Enricher high CPU utilisation issue

Hi,

I am running a stream-enrich-kinesis in production, after running enricher for fews minutes only my machine hosting enricher goes down due to high CPU utilisation by the enricher.

The CPU utilisation goes beyond 100% many times. Also, I am getting around 200K records but my enricher is able to process only 120K due to which latency is very high in snowplow pipeline.

I am running 8 instances instances of enricher with 2cpu and 8Gi memory and having 16 shards in kinesis.

Below is the config of my enricher.

enrich {

  streams {
    appName = "snowplow-enrich"
    sourceSink {
      enabled = kinesis
      region = <>

      threadPoolSize = 10

      aws {
            accessKey = <>
            secretKey = <>
      }
      initialPosition = LATEST
      backoffPolicy {
        minBackoff = 3000
        maxBackoff = 600000
      }
      maxRecords = 10000
    }

    in {
      raw = "snowplow-good"
    }

    out {
      enriched = "snowplow-enriched-good"
      bad = "snowplow-enriched-bad"
      pii = "snowplow-enriched-pii"
      partitionKey = "user_ipaddress"
    }

    buffer {
      byteLimit = 4500000
      recordLimit = 500
      timeLimit = 3000
    }

  }
}

Kindly help me to resolve this issue. Our all uses cases are dependent on snowplow performance only.

Hi @karan,

Welcome to the Snowplow community! Thank you for reporting the issue.

We’re currently investigating what the issue could be, we’ll get back to you once we’ve identified the culprit.

Thanks… Please let me know ASAP my pipelines are dependent on snowplow only.

@karan could you share the logs of Stream Enrich when this happens please ?

@BenB Please find below logs of enricher.
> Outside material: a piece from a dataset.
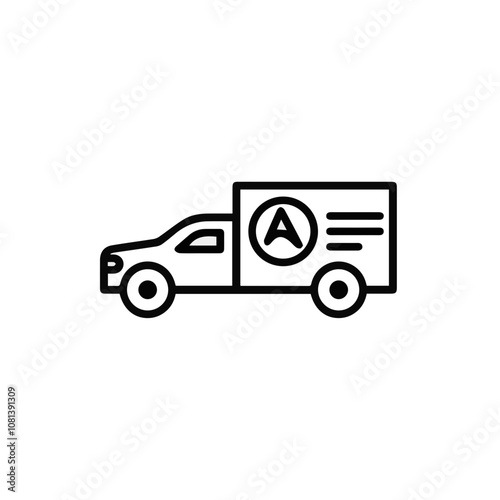 Truck icon symbol vector illustration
We are getting errors as below but it’s not failing the enricher. Also CPU usage increases abruptly will writing processing records.
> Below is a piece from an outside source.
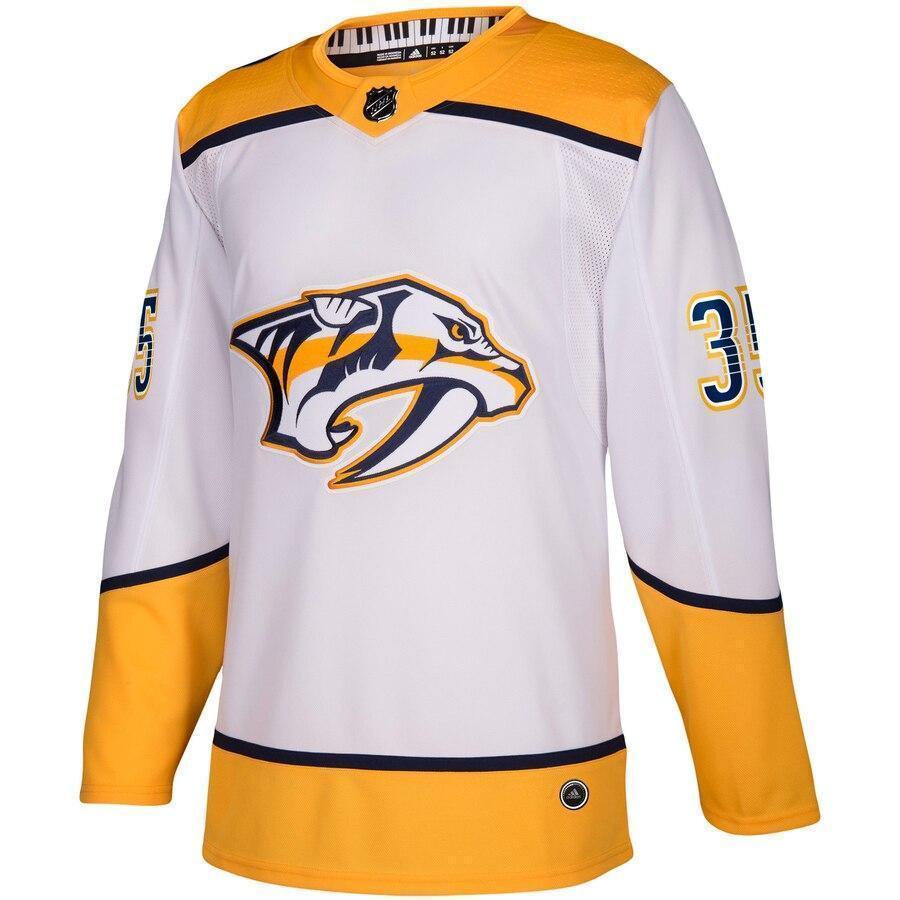 Pekka Rinne Nashville Predators adidas Away Player Jersey - White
[RecordProcessor-0010] INFO com.snowplowanalytics.snowplow.enrich.stream.sinks.KinesisSink - Writing 500 records to Kinesis stream snowplow-enriched-good

[RecordProcessor-0010] INFO com.snowplowanalytics.snowplow.enrich.stream.sinks.KinesisSink - Successfully wrote 249 out of 500 records

[RecordProcessor-0010] ERROR com.snowplowanalytics.snowplow.enrich.stream.sinks.KinesisSink - 251 records failed with error code ProvisionedThroughputExceededException. Example error message: Rate exceeded for shard shardId-000 in stream snowplow-enriched-good under account 942XXXXX.

[RecordProcessor-0010] ERROR com.snowplowanalytics.snowplow.enrich.stream.sinks.KinesisSink - Retrying all failed records in 8161 milliseconds…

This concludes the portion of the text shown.